In 2023, the company's net profit to mother was 86 million yuan, down 7.48% year-on-year, mainly due to increased expenses during the company period. In 2023, the company's sales/management/finance/R&D expenses rate was 7.98%/15.96%/12.72%/0.07%, respectively, -0.43/+2.04/+2.42/+1.00 pcts year-on-year. The increase in the company's R&D expenses is mainly due to the company's continuous promotion of product research and development, increased salary support for new R&D personnel, and increased depreciation expenses for new equipment. At the end of 2023, the company's inventory amount was 442 million yuan, up 18.07% year on year, mainly due to the expansion of the company's business scale, which led to a subsequent increase in inventory. The company's net cash flow from operation and production in 2023 was 56 million yuan, which changed from negative to positive, mainly due to the company's reduction in raw material procurement payments.

Steadily promote project research and development and expand the scale of product varieties

There are many types of scientific research reagents, and the process is complicated. In recent years, the demand for scientific research reagents has gradually evolved to high-purity reagents and special reagents such as labeled substances. In 2023, the company continued to increase investment in R&D, continuously expand product categories, and effectively improve the ability to transform technological achievements and development efficiency. In 2024, the company will focus R&D on the fields of antibody drug conjugates, drug target ligands, highly active recombinant proteins, diagnostic antibody pairs, immunohistochemical antibodies, and flow antibodies. In 2023, the company invested 51 million yuan in R&D, an increase of 31.56% over the previous year. By the end of 2023, the company had applied for 194 patents, including 53 invention patents; it had obtained a total of 132 authorized invention patents, of which 20 were invention patents; the company had more than 65,000 varieties in stock and 200,000 SKUs in stock.

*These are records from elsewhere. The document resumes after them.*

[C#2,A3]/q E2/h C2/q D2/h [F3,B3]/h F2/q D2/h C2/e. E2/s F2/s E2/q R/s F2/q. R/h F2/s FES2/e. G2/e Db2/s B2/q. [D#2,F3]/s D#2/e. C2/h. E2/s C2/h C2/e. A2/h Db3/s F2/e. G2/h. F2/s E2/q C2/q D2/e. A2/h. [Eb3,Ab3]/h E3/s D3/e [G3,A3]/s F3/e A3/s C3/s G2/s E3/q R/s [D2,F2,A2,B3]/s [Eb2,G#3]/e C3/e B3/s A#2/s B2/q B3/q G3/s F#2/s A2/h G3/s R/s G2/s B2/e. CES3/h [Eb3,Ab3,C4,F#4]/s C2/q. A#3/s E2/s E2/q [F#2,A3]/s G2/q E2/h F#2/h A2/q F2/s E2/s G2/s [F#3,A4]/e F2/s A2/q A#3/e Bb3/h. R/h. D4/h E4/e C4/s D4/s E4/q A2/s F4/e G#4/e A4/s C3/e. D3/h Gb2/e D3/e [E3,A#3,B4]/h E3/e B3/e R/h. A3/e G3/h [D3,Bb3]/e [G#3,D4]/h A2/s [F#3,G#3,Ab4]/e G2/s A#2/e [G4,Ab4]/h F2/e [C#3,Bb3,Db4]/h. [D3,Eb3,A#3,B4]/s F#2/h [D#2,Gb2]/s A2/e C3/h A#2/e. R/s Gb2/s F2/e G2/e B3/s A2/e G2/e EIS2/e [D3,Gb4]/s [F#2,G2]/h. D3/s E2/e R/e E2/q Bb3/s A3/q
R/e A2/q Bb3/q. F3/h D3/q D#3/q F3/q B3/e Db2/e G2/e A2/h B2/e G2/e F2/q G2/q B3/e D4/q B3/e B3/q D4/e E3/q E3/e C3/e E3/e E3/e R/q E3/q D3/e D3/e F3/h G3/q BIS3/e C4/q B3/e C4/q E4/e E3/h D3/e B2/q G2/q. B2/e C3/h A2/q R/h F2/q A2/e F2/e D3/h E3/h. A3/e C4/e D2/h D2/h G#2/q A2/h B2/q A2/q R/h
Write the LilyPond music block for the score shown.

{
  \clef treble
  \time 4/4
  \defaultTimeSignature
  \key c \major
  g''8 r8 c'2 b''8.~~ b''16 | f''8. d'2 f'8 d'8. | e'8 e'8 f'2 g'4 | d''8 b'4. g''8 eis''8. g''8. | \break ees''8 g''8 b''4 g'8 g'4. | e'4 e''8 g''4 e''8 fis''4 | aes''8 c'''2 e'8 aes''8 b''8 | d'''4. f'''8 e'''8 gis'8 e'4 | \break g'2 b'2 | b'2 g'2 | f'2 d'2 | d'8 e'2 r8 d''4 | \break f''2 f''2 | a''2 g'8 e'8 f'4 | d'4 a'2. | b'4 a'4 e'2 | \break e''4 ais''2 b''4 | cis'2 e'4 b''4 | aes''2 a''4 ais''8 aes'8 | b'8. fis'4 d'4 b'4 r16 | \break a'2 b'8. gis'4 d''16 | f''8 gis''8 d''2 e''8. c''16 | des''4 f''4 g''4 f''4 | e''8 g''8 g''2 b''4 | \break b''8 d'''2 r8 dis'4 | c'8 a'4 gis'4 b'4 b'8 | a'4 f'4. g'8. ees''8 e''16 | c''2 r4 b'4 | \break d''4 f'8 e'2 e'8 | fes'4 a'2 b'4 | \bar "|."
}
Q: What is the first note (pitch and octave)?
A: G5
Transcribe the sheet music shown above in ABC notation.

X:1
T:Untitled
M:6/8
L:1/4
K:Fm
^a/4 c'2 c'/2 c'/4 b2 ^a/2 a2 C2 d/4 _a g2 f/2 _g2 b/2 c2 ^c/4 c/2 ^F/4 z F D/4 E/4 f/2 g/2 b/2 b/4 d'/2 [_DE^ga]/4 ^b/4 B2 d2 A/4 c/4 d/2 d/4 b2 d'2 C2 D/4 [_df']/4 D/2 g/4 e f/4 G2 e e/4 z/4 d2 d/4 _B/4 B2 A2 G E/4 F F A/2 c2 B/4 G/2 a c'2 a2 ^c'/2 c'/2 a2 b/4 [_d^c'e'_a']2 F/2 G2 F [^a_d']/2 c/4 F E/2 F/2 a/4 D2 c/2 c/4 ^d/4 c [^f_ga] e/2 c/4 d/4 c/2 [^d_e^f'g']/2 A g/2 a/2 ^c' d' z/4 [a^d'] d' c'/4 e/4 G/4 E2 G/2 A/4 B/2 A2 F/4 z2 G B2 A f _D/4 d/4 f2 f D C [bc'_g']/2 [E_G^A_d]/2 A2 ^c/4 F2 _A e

Brand+channel build a moat, domestic substitution accelerates

The company has long been deeply involved in the R&D and production of research reagents needed for strategic emerging industries in the country. Its products cover the four major fields of high-end chemistry, life science, analytical chromatography and materials science, and independently make “Aladdin” brand research reagents and “Silicon Valley” brand test consumables. In the comprehensive evaluation survey of domestic reagent brands by the National Chemical Reagent Information Station, the “Aladdin” brand ranked first in terms of variety selection for 4 consecutive years. At the same time, the company has closely followed the Internet wave and established an e-commerce model. Website traffic and visits have continued to rise in recent years, driving sales growth.

By the end of 2023, some of the company's products had reached the same international level, achieved import substitution for some products, and gradually broke the absolute monopoly of foreign companies.

Profit forecasts and investment ratings estimate that the company's net profit due to mother in 2024-2026 will be 1.16, 1.58, and 217 million yuan, respectively, corresponding to PE 25.94, 18.97, and 13.86 times, respectively. As a leading domestic research reagent enterprise, the company continues to expand its product range and build a brand+channel moat, and is expected to maintain rapid development. First coverage, giving a “buy” rating.

Risks suggest that the development of new products falls short of expectations; the competitive pattern of the industry deteriorates; the risk of falling product prices; and the domestic substitution process falls short of expectations.

The translation is provided by third-party software.